Banned Words & Phrases
Never use any of these — rewrite around them every time:
- charming, cozy, quaint, cute, adorable
- stunning, breathtaking, gorgeous, beautiful (show it, don't label it)
- nestled, boasts, features, offers
- "Welcome to your dream home"
- "Won't last long" / "Don't miss out"
- "Motivated seller"
- "As-is" (unless legally required)
- "Perfect for entertaining" (show the entertaining instead)
Output Examples by Tier
Entry-Level Example (~250 words)
Morning light hits the east-facing kitchen first — the kind of detail that sounds small
until you've lived with it for a year. This well-maintained 1960s ranch in Eastwood has
been updated where it counts: new roof (2022), refreshed kitchen with quartz countertops,
and hardwood floors throughout the main level that refinish beautifully. Three bedrooms
share a full bath upstairs; the finished basement adds a flexible fourth space for a home
office, gym, or the guest room you've been promising. Two-car attached garage, fully fenced
backyard, and a covered patio that earns its keep from April through October. Four blocks
from the elementary school, two from the weekend farmers market. Offered at $[X].

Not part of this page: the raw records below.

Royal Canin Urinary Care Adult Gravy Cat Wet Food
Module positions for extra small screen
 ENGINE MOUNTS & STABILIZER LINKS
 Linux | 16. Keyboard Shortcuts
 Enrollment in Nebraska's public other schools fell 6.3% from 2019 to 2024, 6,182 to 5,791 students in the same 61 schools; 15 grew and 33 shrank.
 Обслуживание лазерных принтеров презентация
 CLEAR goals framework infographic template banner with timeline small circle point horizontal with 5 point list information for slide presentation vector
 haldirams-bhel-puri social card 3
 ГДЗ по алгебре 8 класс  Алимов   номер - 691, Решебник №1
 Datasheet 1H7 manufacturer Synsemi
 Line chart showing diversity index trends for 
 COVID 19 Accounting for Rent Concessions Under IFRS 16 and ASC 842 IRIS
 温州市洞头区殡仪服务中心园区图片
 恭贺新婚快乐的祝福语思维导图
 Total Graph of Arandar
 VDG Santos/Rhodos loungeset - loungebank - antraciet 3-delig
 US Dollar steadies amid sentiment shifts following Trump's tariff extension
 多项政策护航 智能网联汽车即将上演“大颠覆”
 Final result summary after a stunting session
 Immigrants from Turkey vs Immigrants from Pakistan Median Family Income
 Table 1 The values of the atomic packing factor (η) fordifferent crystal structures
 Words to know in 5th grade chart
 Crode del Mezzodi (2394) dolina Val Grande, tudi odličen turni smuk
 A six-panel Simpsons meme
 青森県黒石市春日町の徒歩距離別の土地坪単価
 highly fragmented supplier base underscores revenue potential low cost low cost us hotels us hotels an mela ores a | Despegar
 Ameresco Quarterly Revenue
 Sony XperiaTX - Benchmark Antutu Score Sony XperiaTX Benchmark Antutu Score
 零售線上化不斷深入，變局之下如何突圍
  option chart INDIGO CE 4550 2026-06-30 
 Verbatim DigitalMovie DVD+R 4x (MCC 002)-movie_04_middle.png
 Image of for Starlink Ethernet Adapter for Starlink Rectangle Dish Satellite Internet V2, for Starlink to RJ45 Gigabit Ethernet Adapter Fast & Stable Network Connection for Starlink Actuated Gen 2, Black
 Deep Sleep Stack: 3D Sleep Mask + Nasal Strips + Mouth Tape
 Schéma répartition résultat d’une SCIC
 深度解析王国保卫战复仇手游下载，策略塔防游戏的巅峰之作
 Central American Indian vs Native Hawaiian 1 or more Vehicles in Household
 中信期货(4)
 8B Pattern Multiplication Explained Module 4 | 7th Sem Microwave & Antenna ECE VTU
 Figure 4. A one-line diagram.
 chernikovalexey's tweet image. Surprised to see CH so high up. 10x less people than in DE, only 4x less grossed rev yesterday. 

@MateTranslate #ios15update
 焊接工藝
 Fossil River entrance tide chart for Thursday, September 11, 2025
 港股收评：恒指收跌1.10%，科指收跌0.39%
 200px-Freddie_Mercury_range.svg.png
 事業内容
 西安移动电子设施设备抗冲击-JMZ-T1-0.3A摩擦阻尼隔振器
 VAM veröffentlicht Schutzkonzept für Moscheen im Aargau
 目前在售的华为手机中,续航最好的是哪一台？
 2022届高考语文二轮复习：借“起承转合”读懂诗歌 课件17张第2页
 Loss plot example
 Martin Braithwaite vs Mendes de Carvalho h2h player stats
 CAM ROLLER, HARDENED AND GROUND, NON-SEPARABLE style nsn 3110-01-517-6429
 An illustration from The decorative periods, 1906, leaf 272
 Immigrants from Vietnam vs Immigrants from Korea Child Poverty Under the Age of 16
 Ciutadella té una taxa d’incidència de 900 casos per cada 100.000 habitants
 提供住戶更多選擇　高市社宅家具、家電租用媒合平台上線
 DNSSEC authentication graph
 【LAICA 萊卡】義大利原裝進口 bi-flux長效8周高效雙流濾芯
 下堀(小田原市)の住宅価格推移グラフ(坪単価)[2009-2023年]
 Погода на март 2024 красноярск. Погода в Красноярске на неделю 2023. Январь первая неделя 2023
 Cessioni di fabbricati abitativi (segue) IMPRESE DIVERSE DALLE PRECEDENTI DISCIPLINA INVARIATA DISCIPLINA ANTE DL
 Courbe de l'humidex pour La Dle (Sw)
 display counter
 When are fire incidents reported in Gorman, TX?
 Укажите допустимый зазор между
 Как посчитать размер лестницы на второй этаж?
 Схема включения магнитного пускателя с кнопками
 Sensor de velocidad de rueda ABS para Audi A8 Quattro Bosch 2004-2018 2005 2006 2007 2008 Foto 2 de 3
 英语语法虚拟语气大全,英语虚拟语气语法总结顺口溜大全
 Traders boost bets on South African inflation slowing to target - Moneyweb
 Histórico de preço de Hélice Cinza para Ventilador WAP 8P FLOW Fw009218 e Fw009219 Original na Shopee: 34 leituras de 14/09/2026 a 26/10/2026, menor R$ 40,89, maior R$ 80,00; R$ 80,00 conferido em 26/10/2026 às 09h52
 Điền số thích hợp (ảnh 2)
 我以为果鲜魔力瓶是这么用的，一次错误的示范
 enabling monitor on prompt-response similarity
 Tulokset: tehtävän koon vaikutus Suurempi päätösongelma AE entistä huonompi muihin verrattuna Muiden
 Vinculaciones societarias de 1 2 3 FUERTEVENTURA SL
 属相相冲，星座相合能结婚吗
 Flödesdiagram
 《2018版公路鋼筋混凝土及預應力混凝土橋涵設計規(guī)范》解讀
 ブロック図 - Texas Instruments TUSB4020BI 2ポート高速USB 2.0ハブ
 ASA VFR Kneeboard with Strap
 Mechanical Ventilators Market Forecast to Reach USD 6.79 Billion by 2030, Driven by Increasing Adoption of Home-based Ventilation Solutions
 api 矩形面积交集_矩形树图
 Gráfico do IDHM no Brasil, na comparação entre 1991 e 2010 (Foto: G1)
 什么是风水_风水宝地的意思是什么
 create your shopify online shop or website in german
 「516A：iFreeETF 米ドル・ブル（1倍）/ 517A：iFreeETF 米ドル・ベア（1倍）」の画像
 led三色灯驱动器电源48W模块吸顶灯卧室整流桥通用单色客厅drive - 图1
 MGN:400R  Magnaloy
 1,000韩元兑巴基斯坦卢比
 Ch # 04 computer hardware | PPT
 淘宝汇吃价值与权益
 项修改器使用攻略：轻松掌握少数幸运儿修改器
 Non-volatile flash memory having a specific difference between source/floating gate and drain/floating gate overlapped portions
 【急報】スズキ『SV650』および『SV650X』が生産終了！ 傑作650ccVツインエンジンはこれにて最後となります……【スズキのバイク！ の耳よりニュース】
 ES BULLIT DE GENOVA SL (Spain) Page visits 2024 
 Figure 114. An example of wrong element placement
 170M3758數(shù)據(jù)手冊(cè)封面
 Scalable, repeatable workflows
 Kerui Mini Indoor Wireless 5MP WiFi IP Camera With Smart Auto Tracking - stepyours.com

Luxury Example (~400 words)
The views from the great room don't require explanation — floor-to-ceiling glass frames
the kind of panorama that stops a conversation. Perched on a private ridge in Hillcrest,
this 2019 custom residence was built with the sightlines as the architecture. The open
main level moves from the chef's kitchen — Wolf range, waterfall island, butler's pantry
hidden behind cabinet-front doors — into a living space that scales for a dinner party
or a quiet Sunday without feeling too large for either. The primary suite occupies its
own wing: a spa bath with radiant floors, dual vanities, a soaking tub positioned where
the light is right, and a closet that was clearly designed by someone who takes getting
dressed seriously. Four additional bedrooms, each with en-suite baths, occupy the lower
level alongside a home theater and a gym with direct access to the pool terrace.
6 beds, 6.5 baths, 7,200 SF, three-car garage with EV charging. Ten minutes from
downtown via the ridge road — close enough to use it, far enough to forget it exists.
Offered at $[X].
Behavior Notes
- Always write in third person, present tense — never first person, never past tense.
- If the user says "make it shorter," cut from the practical anchors section first. The hook and closer are sacred.
- If the user says "it sounds too fancy," dial back the vocabulary — not the structure. The story-first approach works at every price point.
- If the user wants a headline only (for social, email subject, etc.): write 3 options in different registers (evocative / direct / curiosity).
- After delivering the description, briefly note 1–2 things that would make it stronger if the user can provide more detail (e.g., "If you can tell me what's walkable from here, I can make the location section stronger").